Она не сказала “страшно”, она сказала — “жалко”, словно ее тяжкую, заполненную изнурительным трудом жизнь едва ли не перед самым концом осенила некая благодать — благодать высшего и последнего прощания, даровавшего ей утешение красотой окружающего. Она сидела у дверей своего дома, подобного которому я представить себе не могу в целом мире, — в этом доме жили люди, способные брать к себе в постель поросят, будто это их собственные дети, люди, горевавшие, расставаясь с жизнью, оттого лишь, что мир прекрасен; таким был и мой дед Жеронимо, свинарь и сказочник, который в предчувствии того, что смерть уже скоро явится и приберет его, прощался с деревьями в саду — с каждым по отдельности: подходил, обнимал и плакал, ибо знал, что больше не увидится с ними.
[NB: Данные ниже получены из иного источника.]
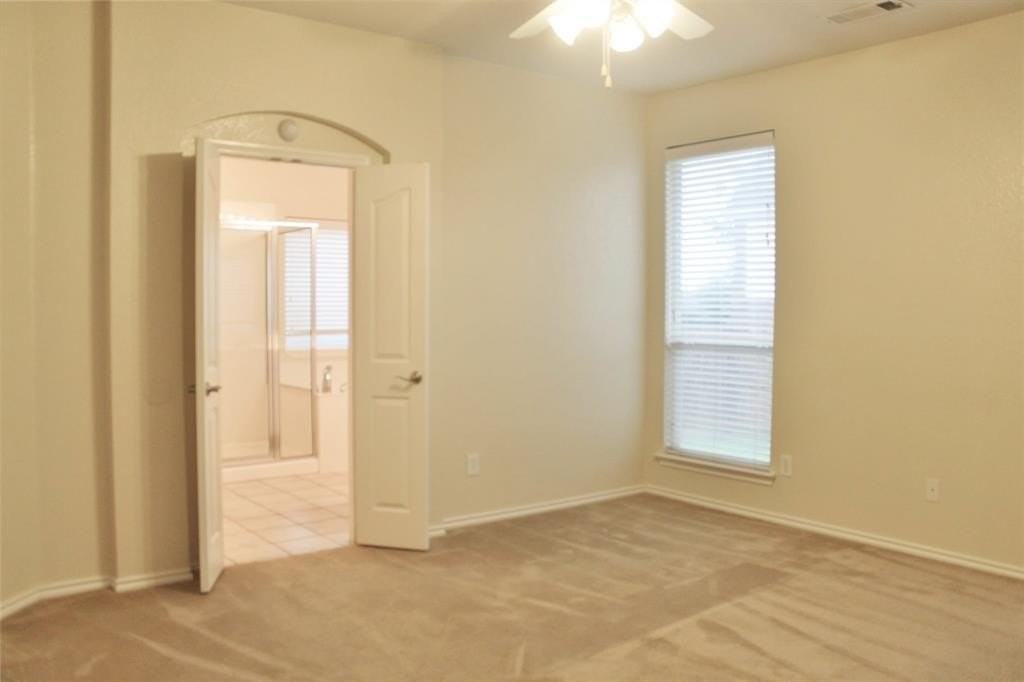 5752 Barrier Reef Dr - Photo 7 of 12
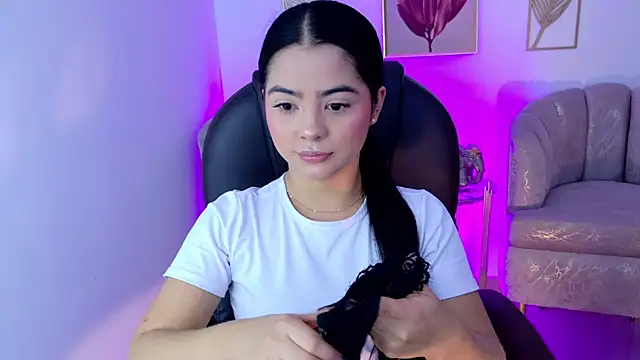 Snapshot of Layla_Breezee chatting on April 26, 2026, 11:29 am Layla Breezee online show from April 26, 2026, 11:29 am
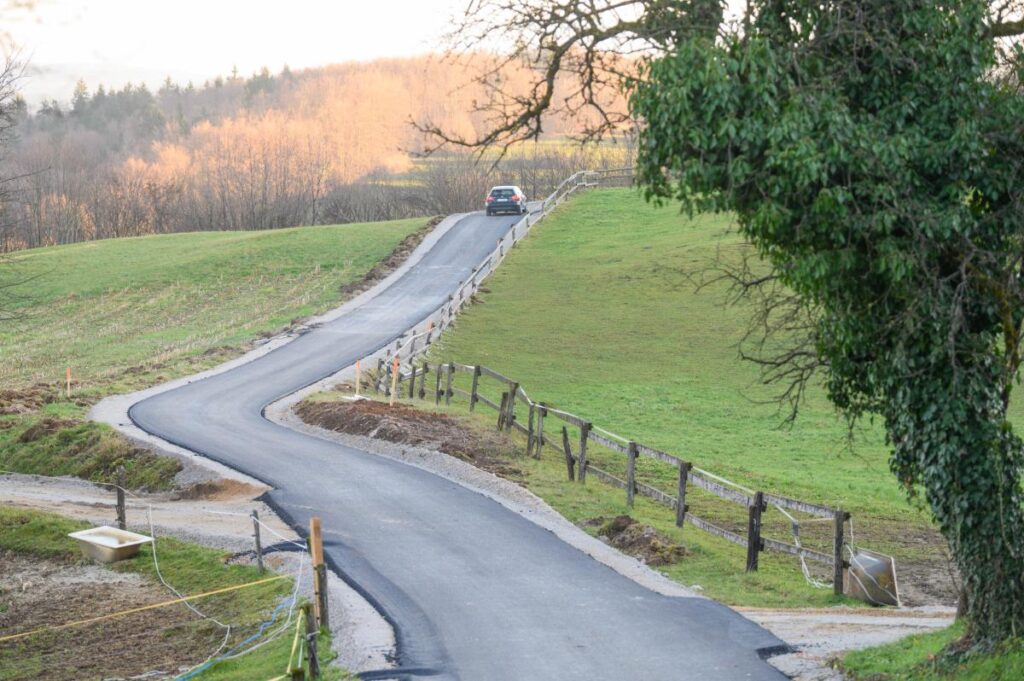 asfaltna-podlaga-se-bolj-povezala-krajane-male-in-velike-dobrave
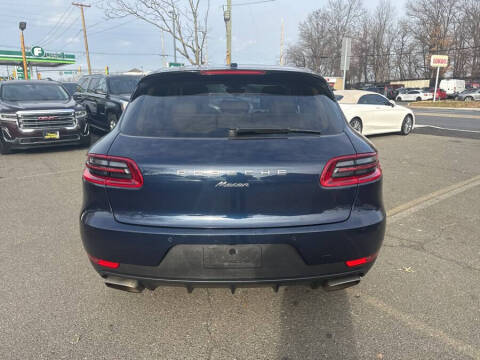 2017 Porsche Macan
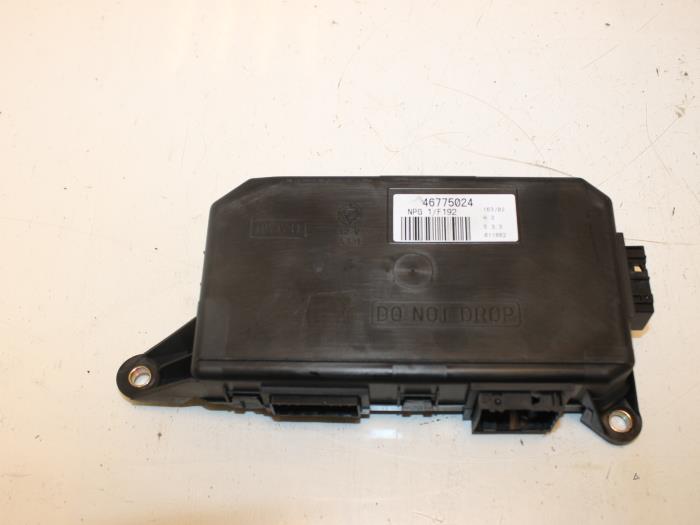Używane Modul (rózne) Fiat Stilo (192A/B) 1.6 16V 3-Drs. Cena € 50,00 Procedura marży oferowane przez Van Gils Automotive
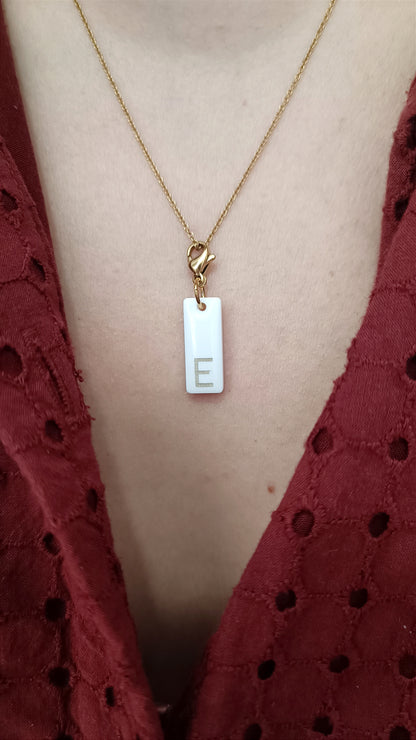 Pendentif initiale - Rectangle blanc - lettre gravée dorée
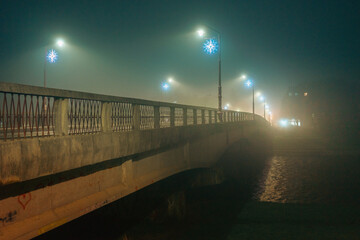 Night scene of a street bridge in a foggy atmosphere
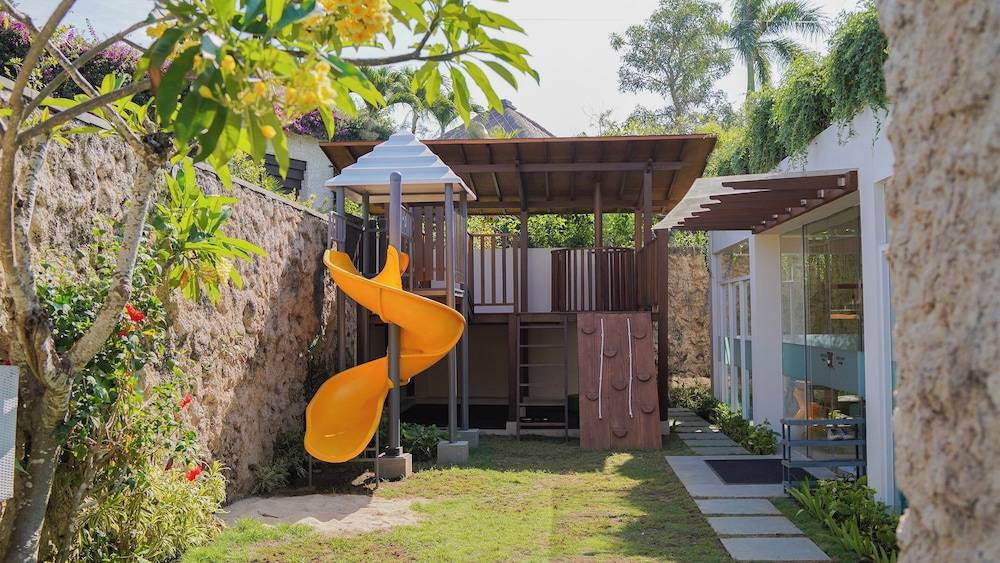 Samabe Bali Suites & Villas Samabe Bali Suites & Villas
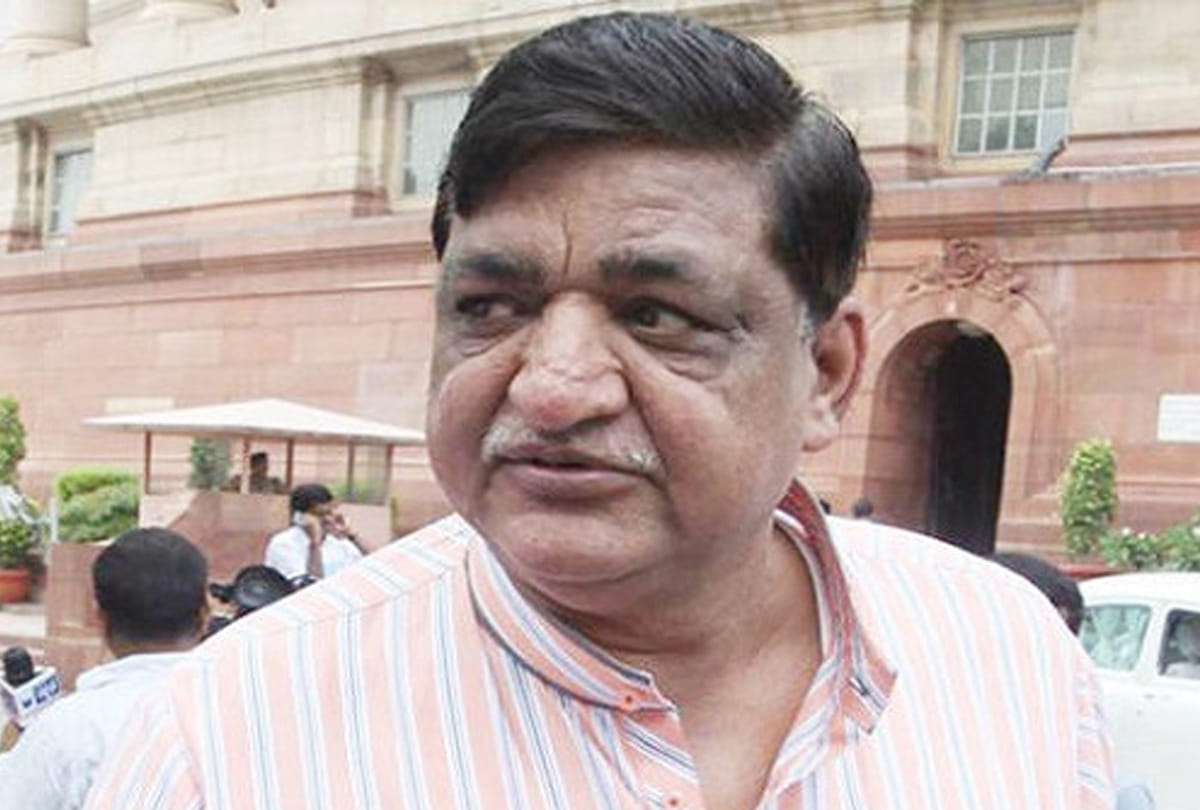 naresh agrwal raises challenge for SP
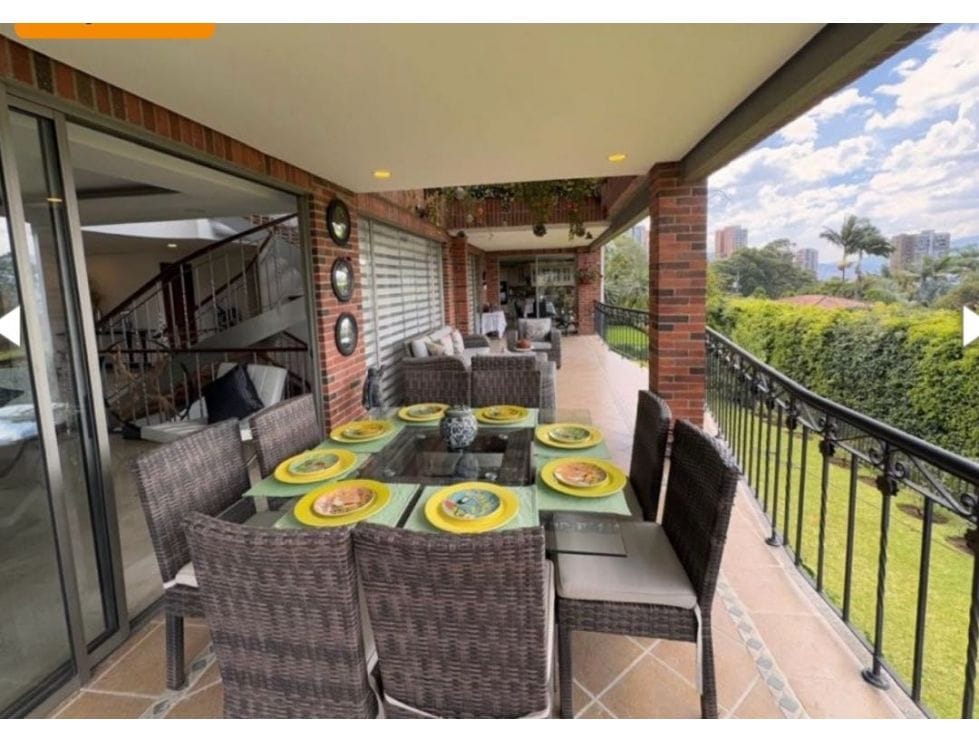 Casa en venta en la Cola del Zorro Poblado Medellin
И опять же через много лет, когда я впервые написал о Жеронимо и Жозефе (забыл упомянуть, что, по свидетельству знававших ее в молодости, она отличалась редкостной красотой), то окончательно убедился: превращаю обыкновенных людей в литературных героев; быть может, таков был придуманный мною способ не забыть их — воссоздать и запечатлеть их черты тем карандашом, который преображает и саму память; осветить и расцветить монотонность скучной, лишенной горизонта повседневности, словно творя поверх переменчивой карты памяти сверхъестественную нереальность страны, где некто решил скоротать свой век. Те же чувства заставили меня, вспоминая загадочно-притягательную фигуру другого моего деда, бербера, так описать старый (а теперь ему уже вообще восемьдесят лет) снимок: мои родители, “оба молодые и красивые, смотрят на фотографа с торжественно-серьезными лицами, переживая, быть может, испуг при виде аппарата, чьи хитрые стеклышки вот-вот остановят мгновение, которого никогда уже больше не будет, ибо этот день неумолимо перетекает в следующий… Мать опирается локтем правой руки о высокую подушку, держа в пальцах цветок.